The Frisco Town Council voted to extend and expand the town’s economic relief programs during a regular meeting Tuesday, Feb. 9, allowing new businesses, and those that missed the last deadline, to apply for some financial assistance. Dan Fallon was the only council member to vote against the resolution.
During a special town council meeting on Dec. 21, 2020, Frisco re-established its economic relief programs, allocating $500,000 to provide grants to local businesses that could show a direct impact as a result of the COVID-19 pandemic and related public health orders. The program ended Jan. 31, and the town granted out a total of $215,000 from the Frisco General Business Assistance Grant Program in addition to $87,000 from the Frisco Business Innovation Grant Program, which reimburses shops and restaurants for purchases they made to better adapt to operations during the pandemic.
With just under $200,000 still left in the pot, officials decided to reinvest the remaining money into an expansion of the existing programs.
“Let’s open it to the businesses we missed,” Mayor Hunter Mortensen said. “Let’s meet the goals … to take care of the community, and the ones who make us financially vibrant. I think that’s important and I think we can do that.”

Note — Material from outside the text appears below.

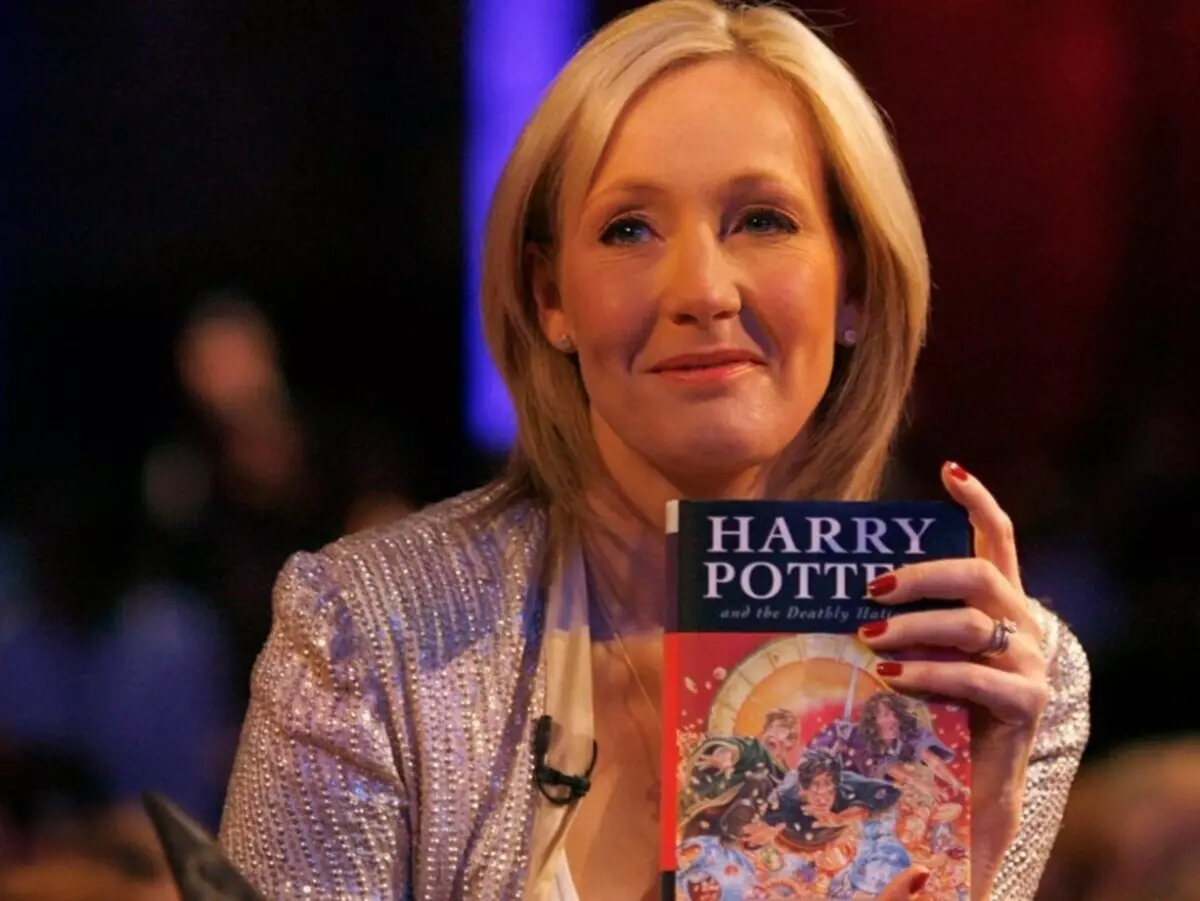 O le tusitala o Harry Potter Jean Rowling na avea ma sili ona maualuga le tusitala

Both grant programs will now have an application deadline of March 31, 2021, and the programs will be expanded to include new businesses that opened between Jan. 1 and Dec. 31 last year. New businesses were held out of previous grant rounds because the programs previously required businesses to show losses in revenue between 2019 and 2020.
For this iteration of the program, new businesses will be able to receive grant amounts based on their gross revenue last year. Businesses can receive between $2,500 and $10,000 or twice their monthly rent or mortgage, whichever amount is less, depending on their revenue in 2020.
“If you started later in the year your revenue is going to be less, so you’re going to have a lesser grant than if you did start earlier and had a greater loss,” Town Manager Nancy Kerry said.
The extended grant programs will also allow the town to address businesses that missed the previous deadline.
“What I’ve seen is people have an incredible overload, and I actually explained to a number of businesses that they had not applied for this when I called them,” Frisco’s Communications Director Vanessa Agee said. “… They got confused with the Summit County innovation grant and this Colorado small business relief grant came out. People are stressed and overloaded, and they are missing deadlines for that reason.”